(Recorded data)
**********

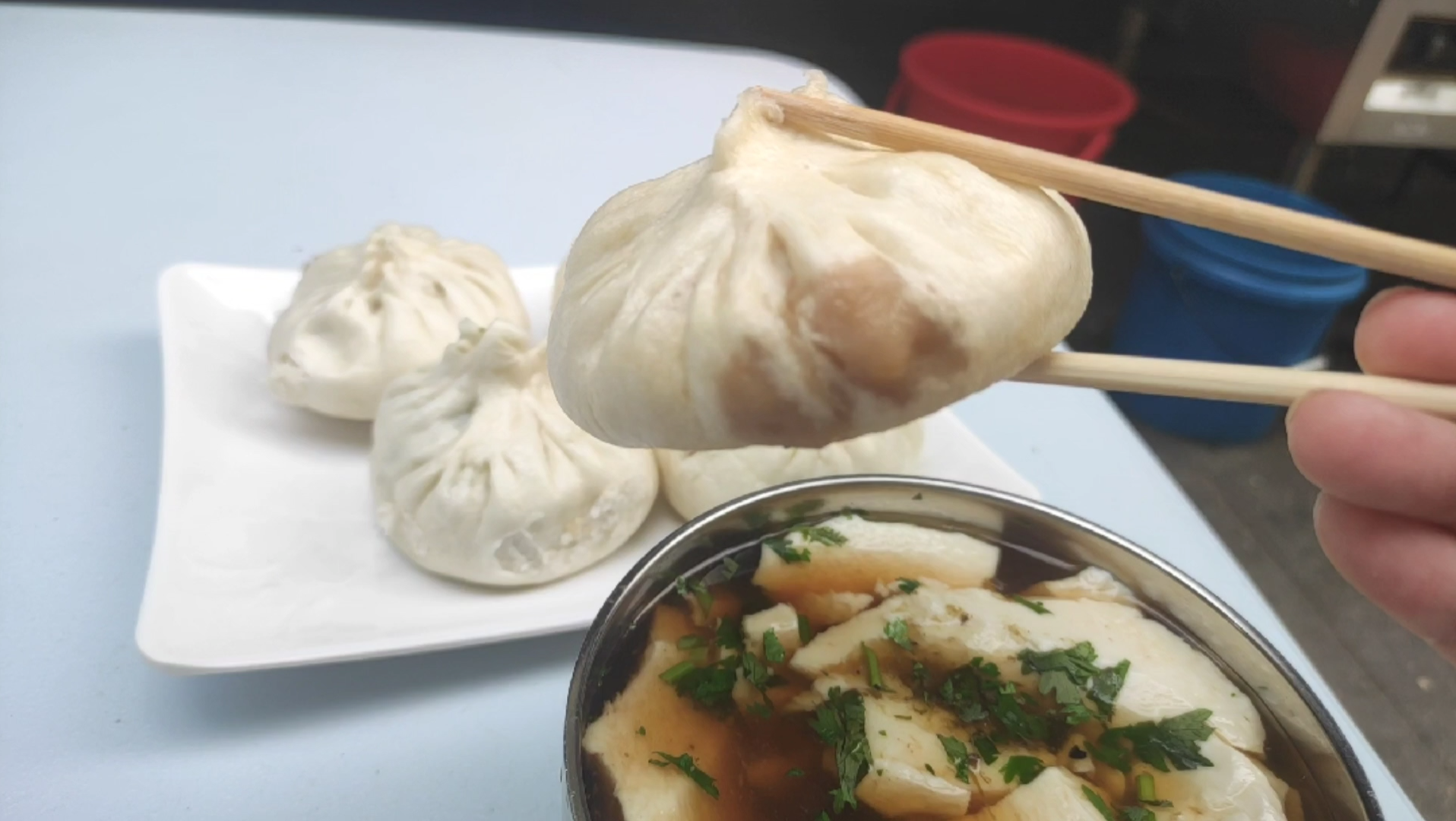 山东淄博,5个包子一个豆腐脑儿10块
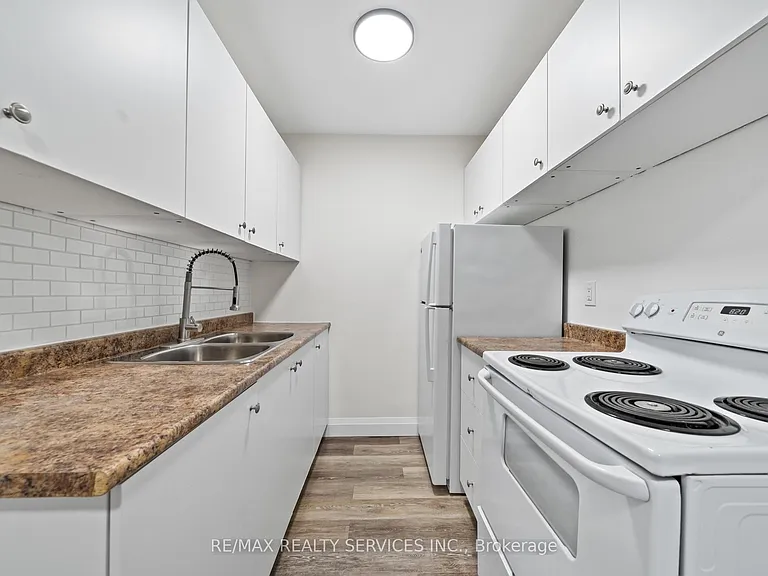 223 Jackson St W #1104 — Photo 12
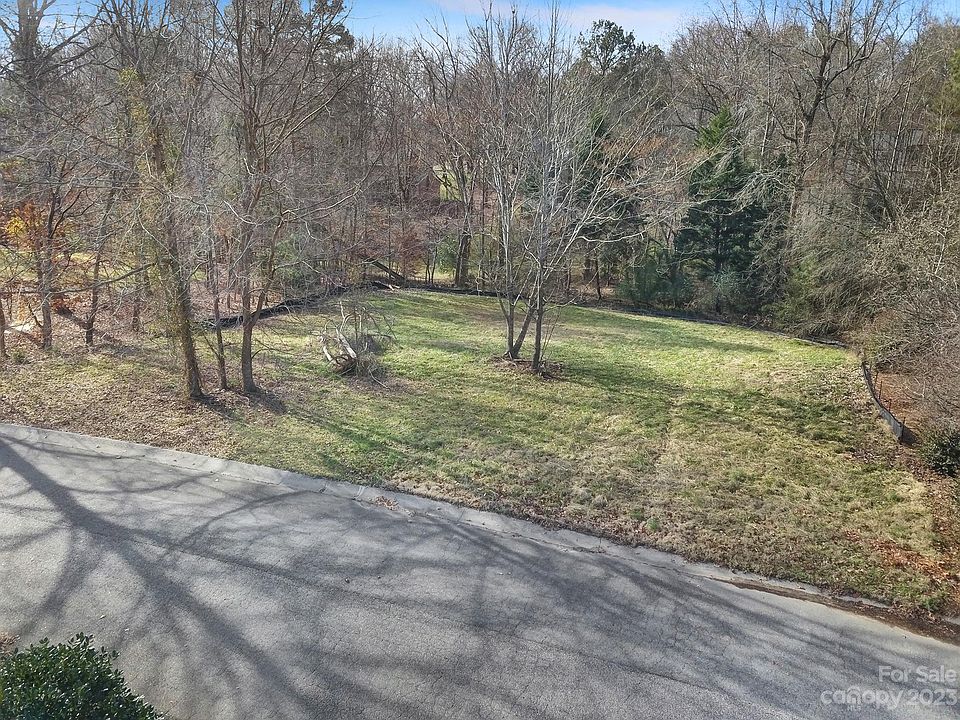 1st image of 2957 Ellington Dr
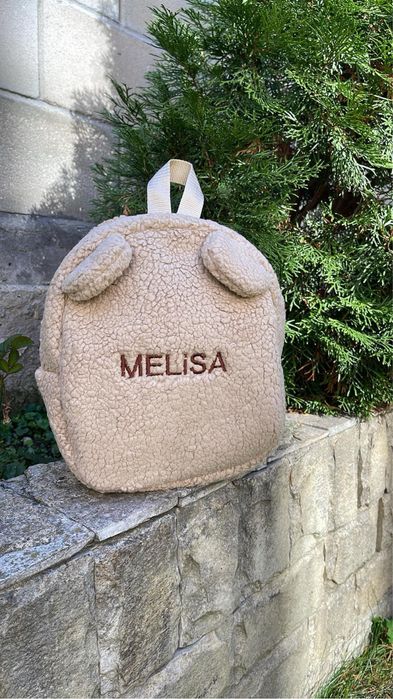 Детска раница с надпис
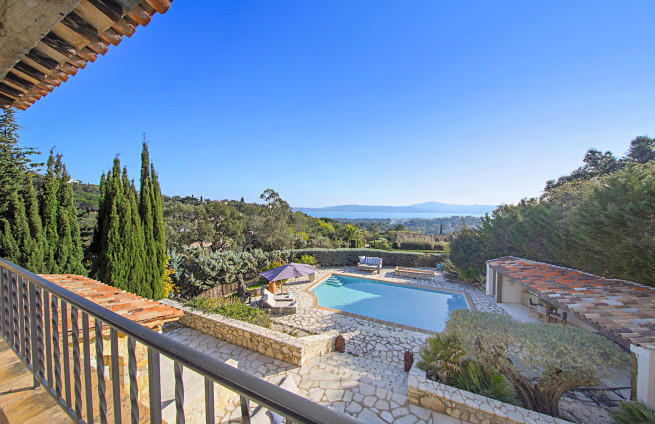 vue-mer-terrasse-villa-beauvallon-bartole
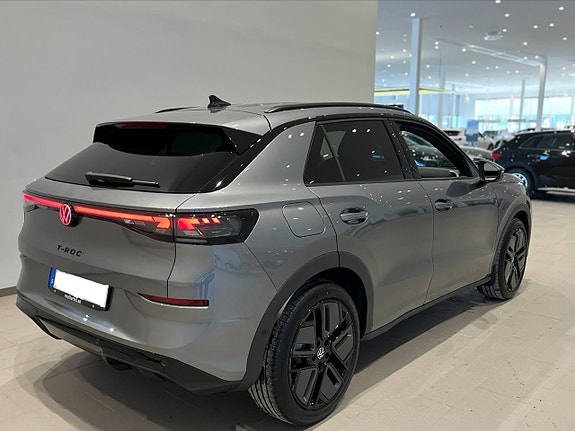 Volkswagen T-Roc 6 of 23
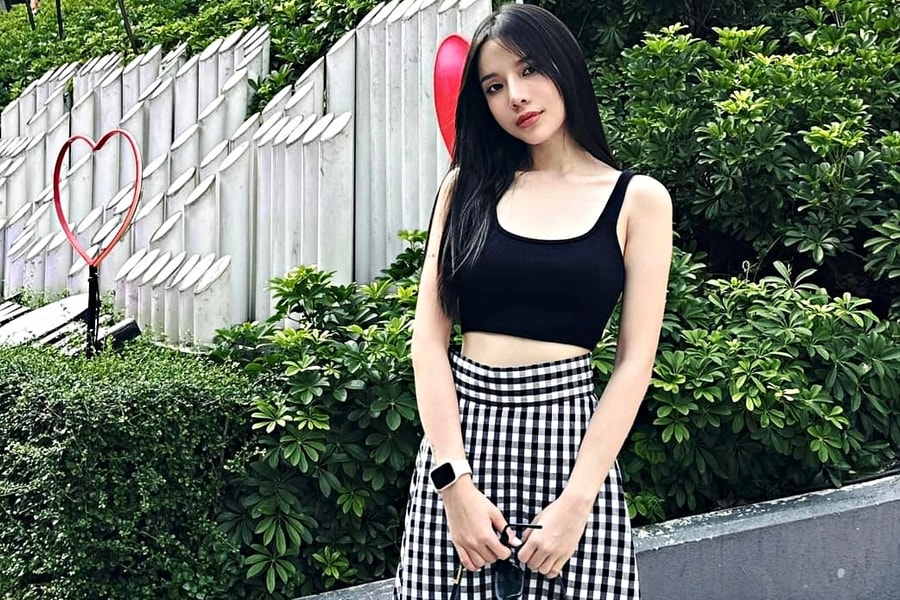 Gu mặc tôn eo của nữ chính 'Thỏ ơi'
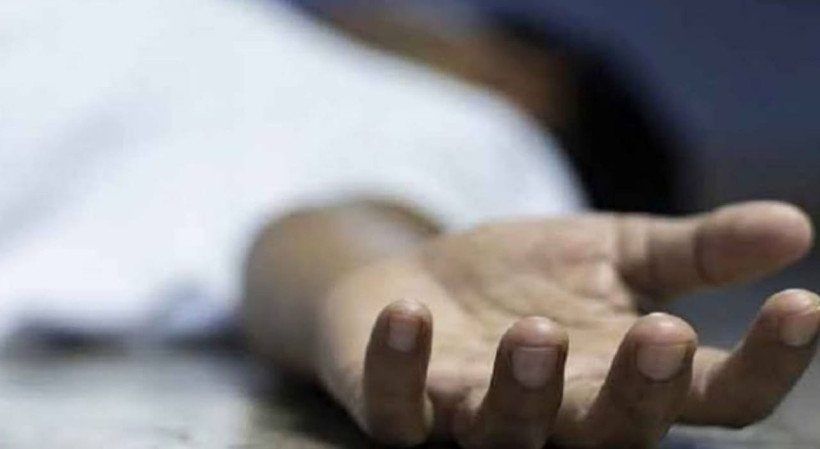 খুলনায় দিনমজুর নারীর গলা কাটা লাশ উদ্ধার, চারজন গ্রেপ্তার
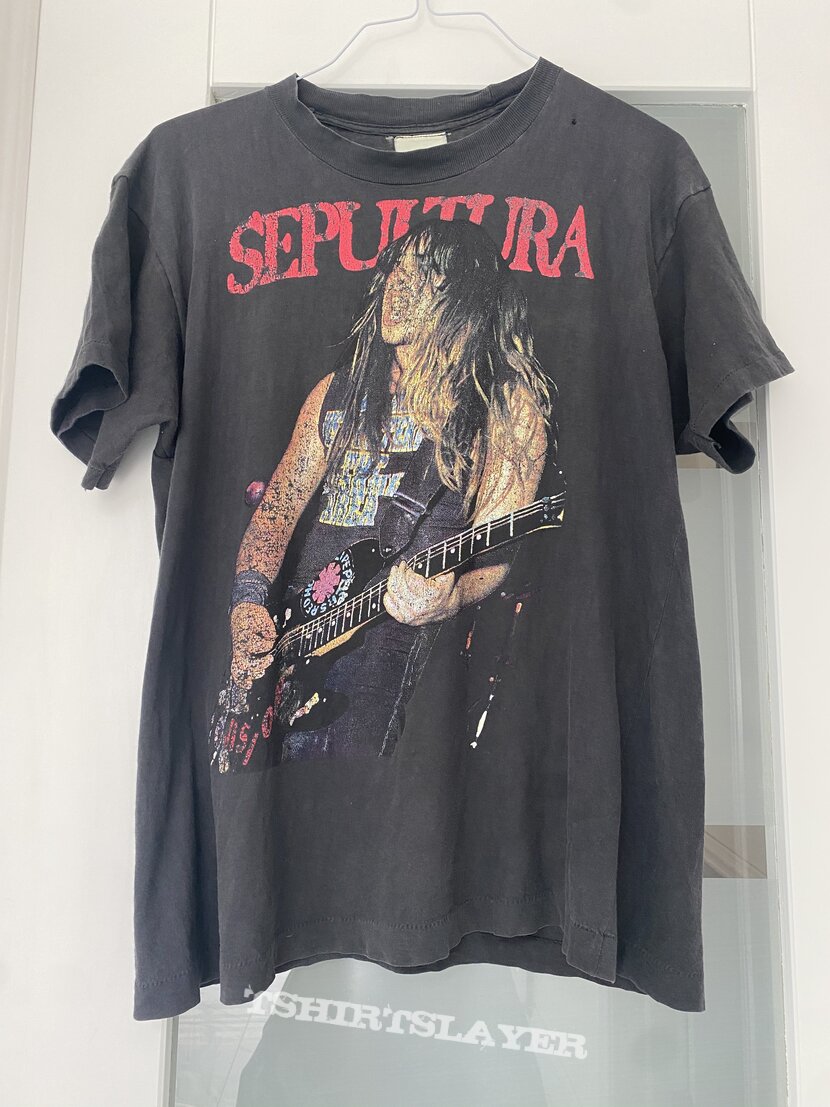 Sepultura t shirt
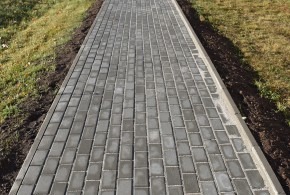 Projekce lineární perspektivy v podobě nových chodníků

**********

REQUIRED WORK ->
Please transcribe each line above exactly, but leave the images out.

REPLY TO THE TASK ->
 山东淄博,5个包子一个豆腐脑儿10块
 223 Jackson St W #1104 — Photo 12
 1st image of 2957 Ellington Dr
 Детска раница с надпис
 vue-mer-terrasse-villa-beauvallon-bartole
 Volkswagen T-Roc 6 of 23
 Gu mặc tôn eo của nữ chính 'Thỏ ơi'
 খুলনায় দিনমজুর নারীর গলা কাটা লাশ উদ্ধার, চারজন গ্রেপ্তার
 Sepultura t shirt
 Projekce lineární perspektivy v podobě nových chodníků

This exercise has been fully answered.